Please repeat the lines below exactly. Begin with the line containing "Many congratulations to" and go on through the line containing "Their exceptional achievement".

> **Data to use**
○ ○ ○ ○ ○
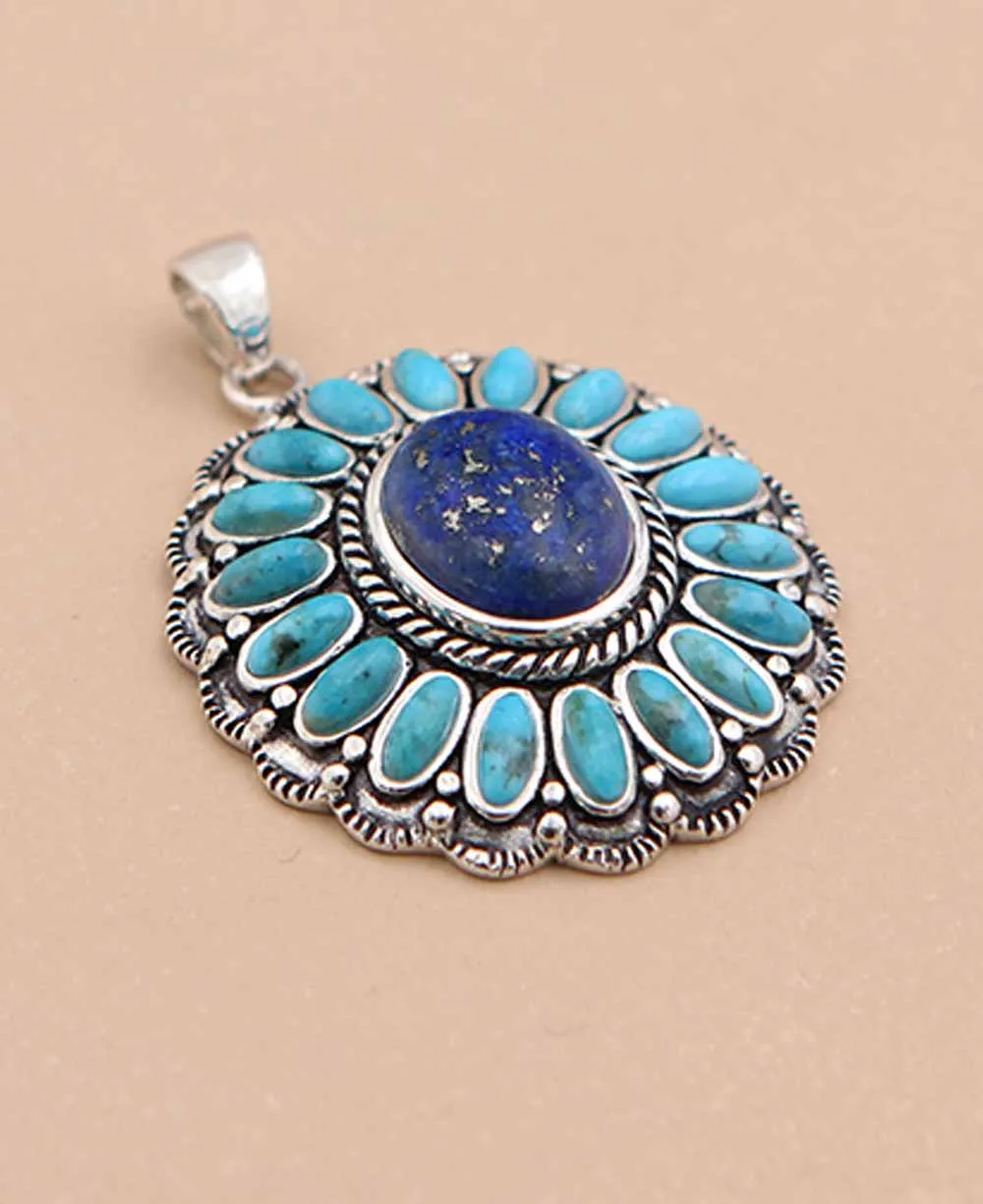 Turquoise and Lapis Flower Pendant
○ ○ ○ ○ ○
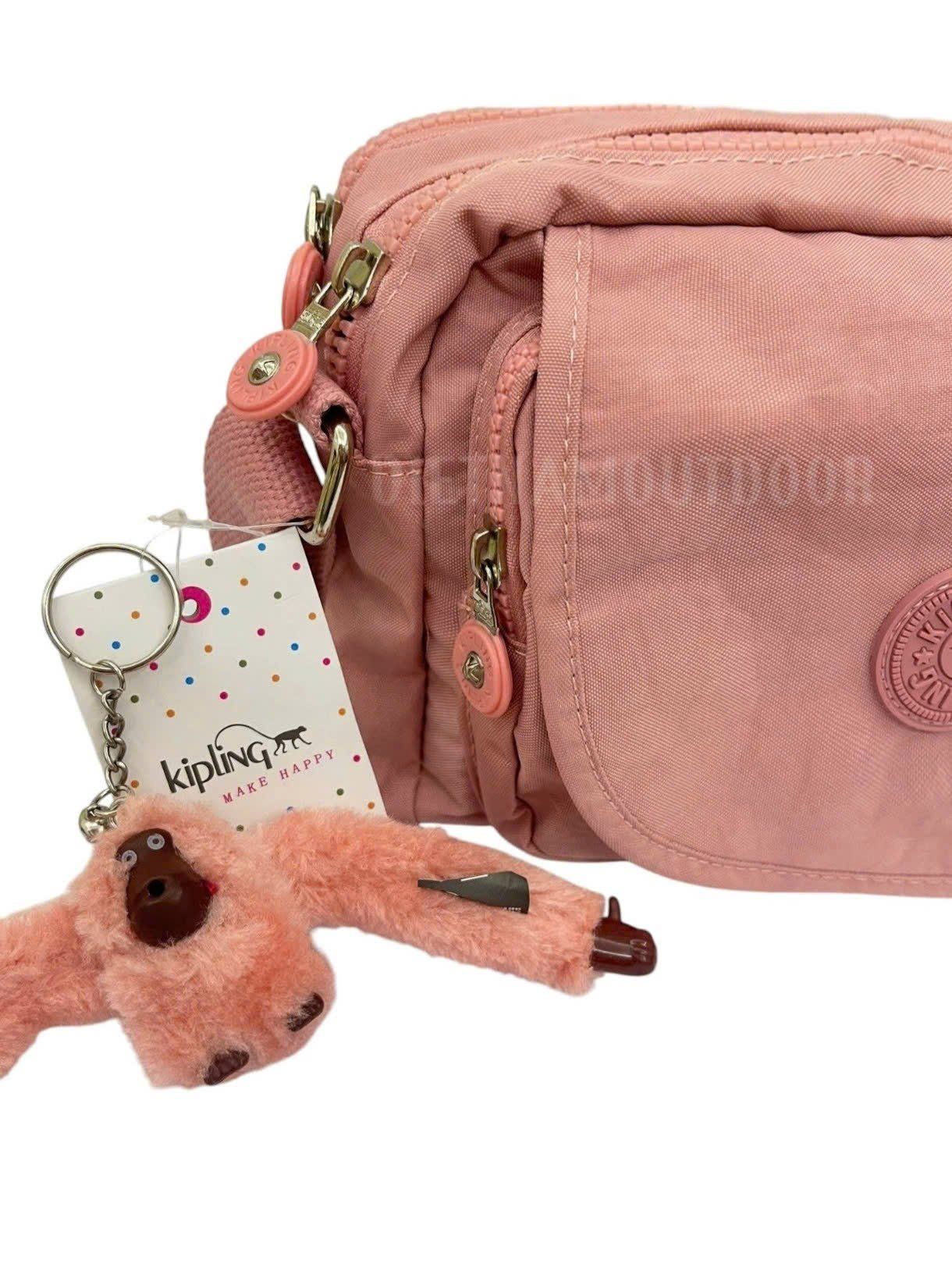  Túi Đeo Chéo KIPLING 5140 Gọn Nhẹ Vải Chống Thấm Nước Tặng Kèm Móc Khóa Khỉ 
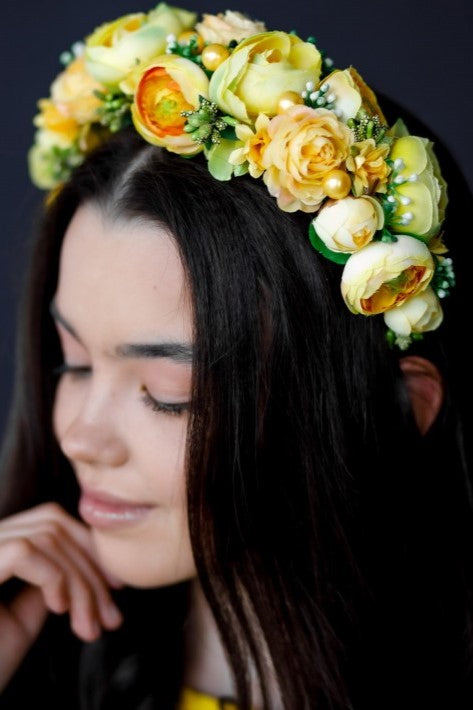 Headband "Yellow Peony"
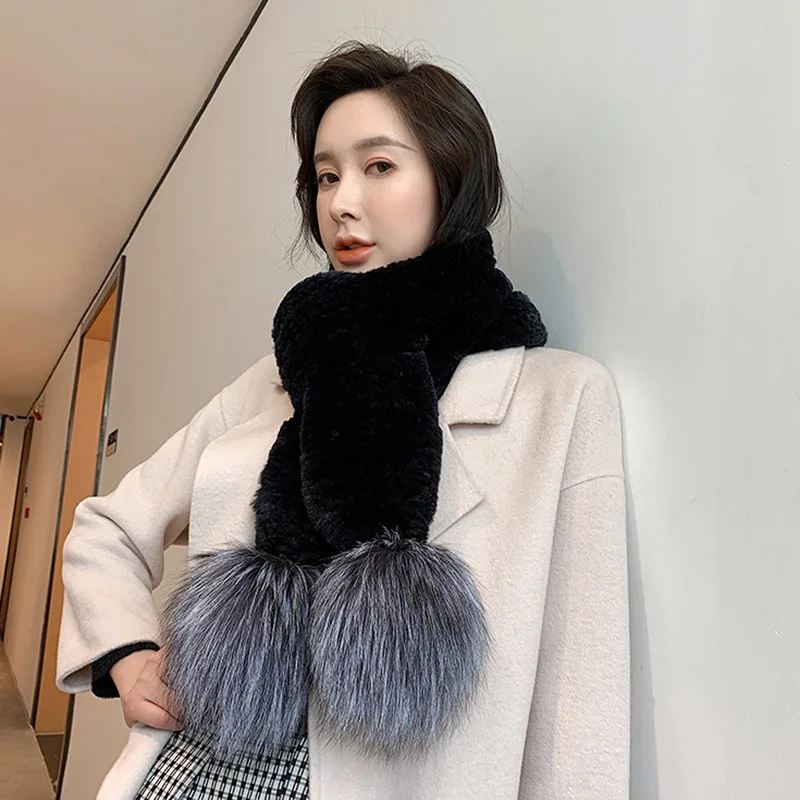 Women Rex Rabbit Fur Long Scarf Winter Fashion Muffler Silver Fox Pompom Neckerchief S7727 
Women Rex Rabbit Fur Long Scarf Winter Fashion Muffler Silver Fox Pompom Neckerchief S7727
○ ○ ○ ○ ○
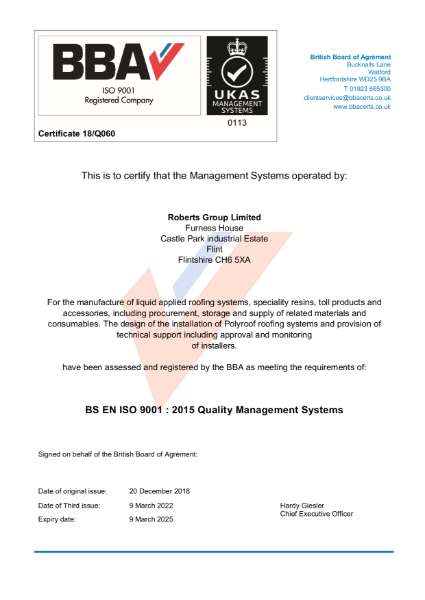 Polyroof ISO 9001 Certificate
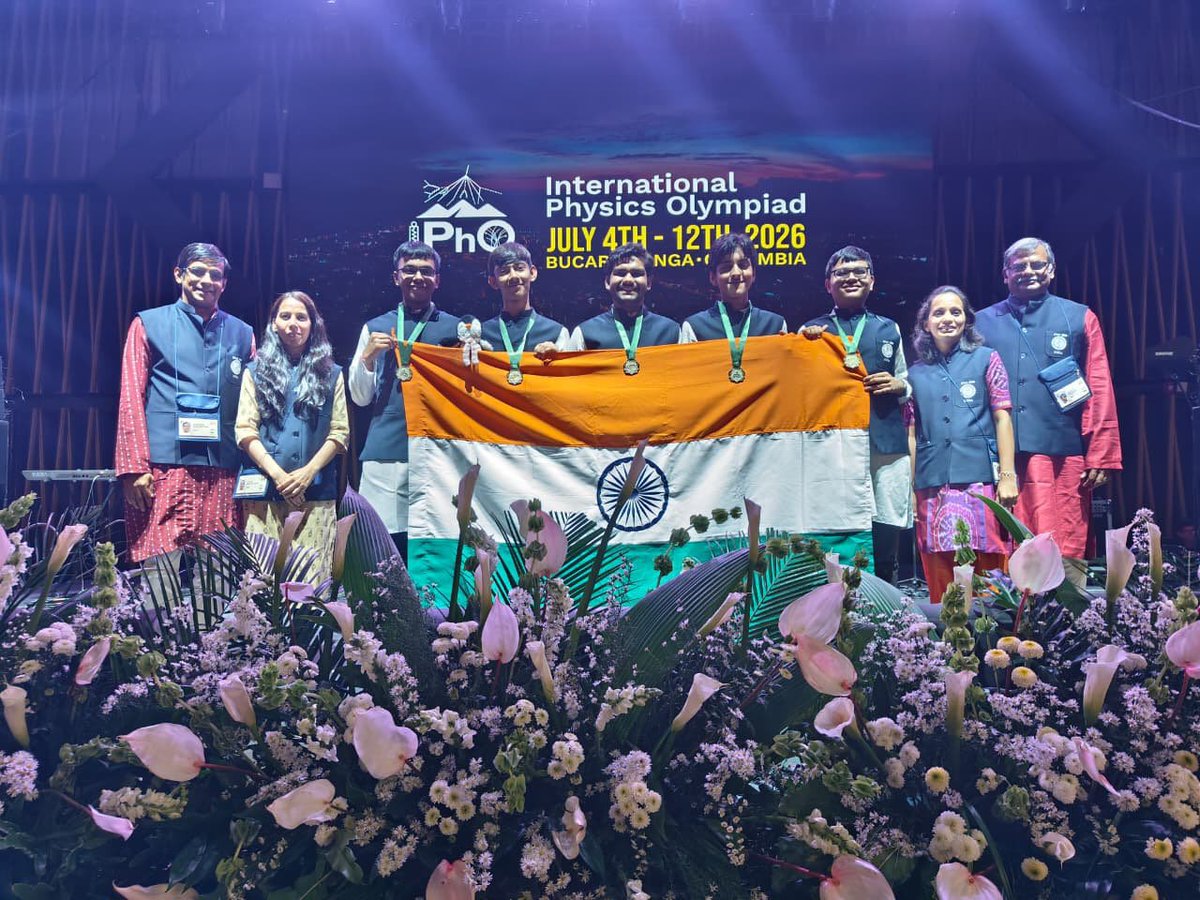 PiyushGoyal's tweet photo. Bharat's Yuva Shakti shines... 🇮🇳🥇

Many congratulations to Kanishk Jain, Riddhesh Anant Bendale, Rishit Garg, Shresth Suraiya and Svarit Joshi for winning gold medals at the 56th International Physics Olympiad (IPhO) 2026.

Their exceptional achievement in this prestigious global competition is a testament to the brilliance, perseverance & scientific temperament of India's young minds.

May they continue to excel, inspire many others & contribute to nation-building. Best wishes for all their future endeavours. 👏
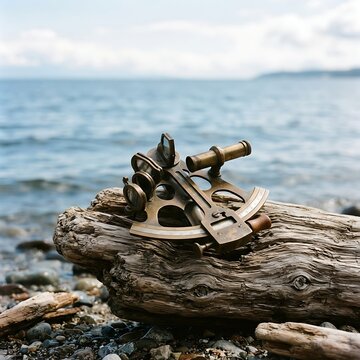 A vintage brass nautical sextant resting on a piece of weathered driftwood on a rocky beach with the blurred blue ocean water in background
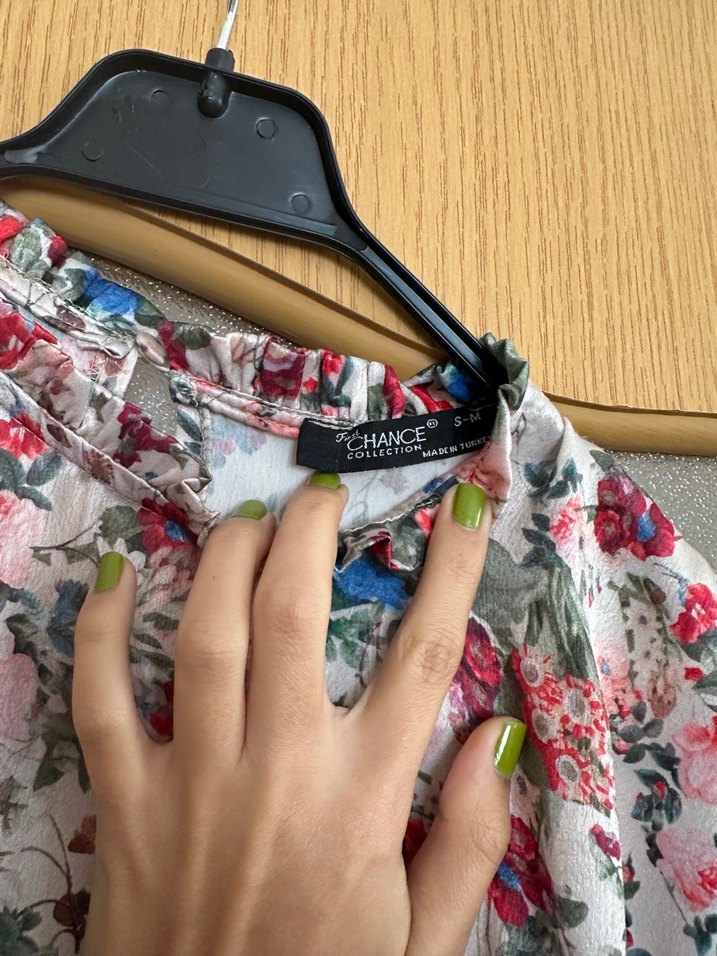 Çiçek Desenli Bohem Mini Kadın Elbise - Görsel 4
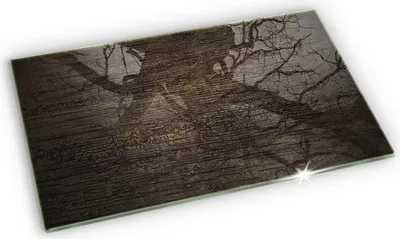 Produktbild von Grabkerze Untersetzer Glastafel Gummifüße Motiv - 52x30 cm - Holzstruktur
○ ○ ○ ○ ○
> **Answer for the task**
Many congratulations to Kanishk Jain, Riddhesh Anant Bendale, Rishit Garg, Shresth Suraiya and Svarit Joshi for winning gold medals at the 56th International Physics Olympiad (IPhO) 2026.

Their exceptional achievement in this prestigious global competition is a testament to the brilliance, perseverance & scientific temperament of India's young minds.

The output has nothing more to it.